But with the last half of the last century has come an explosion of transportation and communication technology, the imminence of peak everything, the obvious near-term end of population growth and consequential end of economic growth binges; it was becoming increasingly clear that the bubble of American popular sanctity and security would have to end for the psychopathically greedy and their attendants to avoid sharing.
And they are frantic to avoid sharing. If sharing were to start, even a little bit, then the gates would be torn open and, horror of horrors, the elites would have to begin to confront the possibility of normalcy. And living like the rest of humanity is not on the table, the options have been thought through and are being put in place. There is always the moment, as a plan begins to be implemented, when all the participants can see what is happening; we may not like it, may be in denial for a time, but we know.

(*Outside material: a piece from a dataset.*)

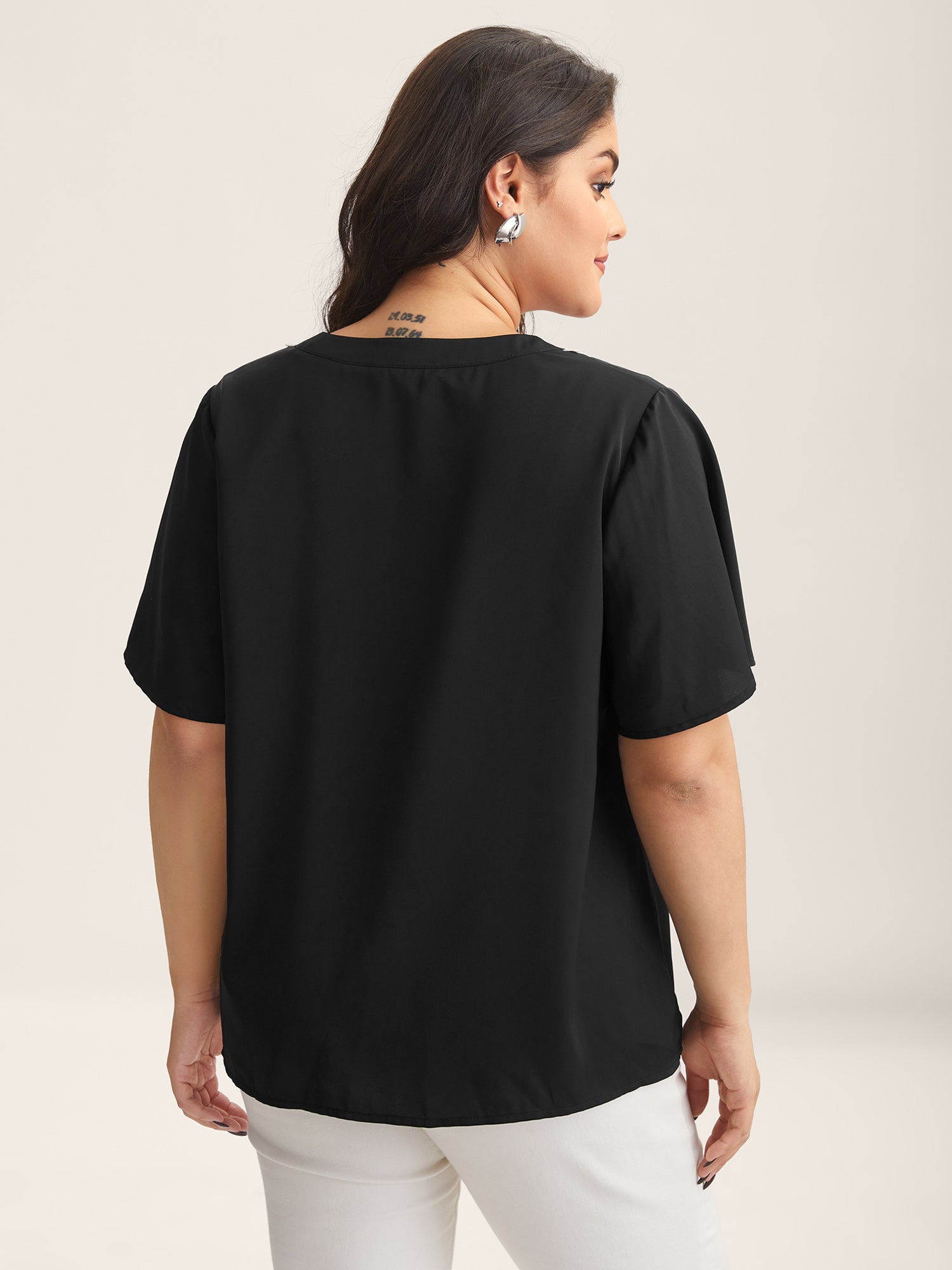 Lace Trim Notched Collar Solid Blouse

As our certainty in our American greatness and personal safety begins to weaken we cry out our old phrases, the ones that we were taught by the economic and political elite: “economic growth, personal responsibility, free market, free trade, greed is good, pro-life, don’t tax the job creators:” like children who, when they suddenly feel out of favor and in danger of loosing parental protection, search for just the right thing to say and do to return to good graces. But these phrases are out of date, are of no interest. And we are bewildered: one says to the other, “I still love you.” and it is replied, “But, I no longer love you.”
The powerful no longer need us, at least not as they did in the past; the American people have become fungible. Germany still needs Germans; if all the Germans were to disappear there would be no Germany, but if Americans were to disappear they would just be replaced with new ones from all over just like in the beginning, and just like “in the beginning,” stubborn ones who stayed on would have to be reeducated into the new society. The economic superstructure has come not to care who is running around on the streets and fields below so long as the running around is in all the desired directions.

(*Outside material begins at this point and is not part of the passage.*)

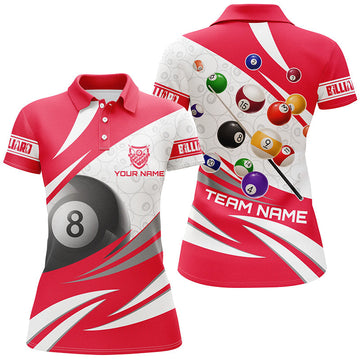 Personalised Women's 3D Red Billiard Polo Shirt T1171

The good cop/bad cop routine of the Democratic/Republican party proves that the people cannot yet be completely ignored, but the time is getting closer when we, common folk in general, will have experiences like the people of Chile, Argentina, China, Kenya, Iraq, Egypt and dozens of other places where the elites don’t feel the need to hide their intentions.

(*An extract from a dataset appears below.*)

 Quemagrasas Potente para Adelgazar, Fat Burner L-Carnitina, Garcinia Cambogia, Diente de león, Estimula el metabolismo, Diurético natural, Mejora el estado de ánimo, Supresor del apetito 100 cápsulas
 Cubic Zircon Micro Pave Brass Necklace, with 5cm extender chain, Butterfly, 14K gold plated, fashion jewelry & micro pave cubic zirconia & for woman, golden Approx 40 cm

My childhood conundrums have been largely cleared up. The “normalcy” of my youth and early years was really not normal at all, but life in a very special protected community, one over which I either never had or had given up influence. The American Dream of more and better every year should have tipped all of us off to the con game, that we were being used and that there would be a judgment day. All that was required was Life Magazine or National Geographic and a newspaper or a radio.
There is still the opportunity to remake the place that we live, this country; not into the country that it was (or what we thought it was), that was and is a lie, but into something more real. There is still great power in the people, great energy when the TV is turned off. There are ideas and many millions of available ‘man-hours.’ First, however, it is necessary to see ourselves with honesty and reality, and there is where I despair.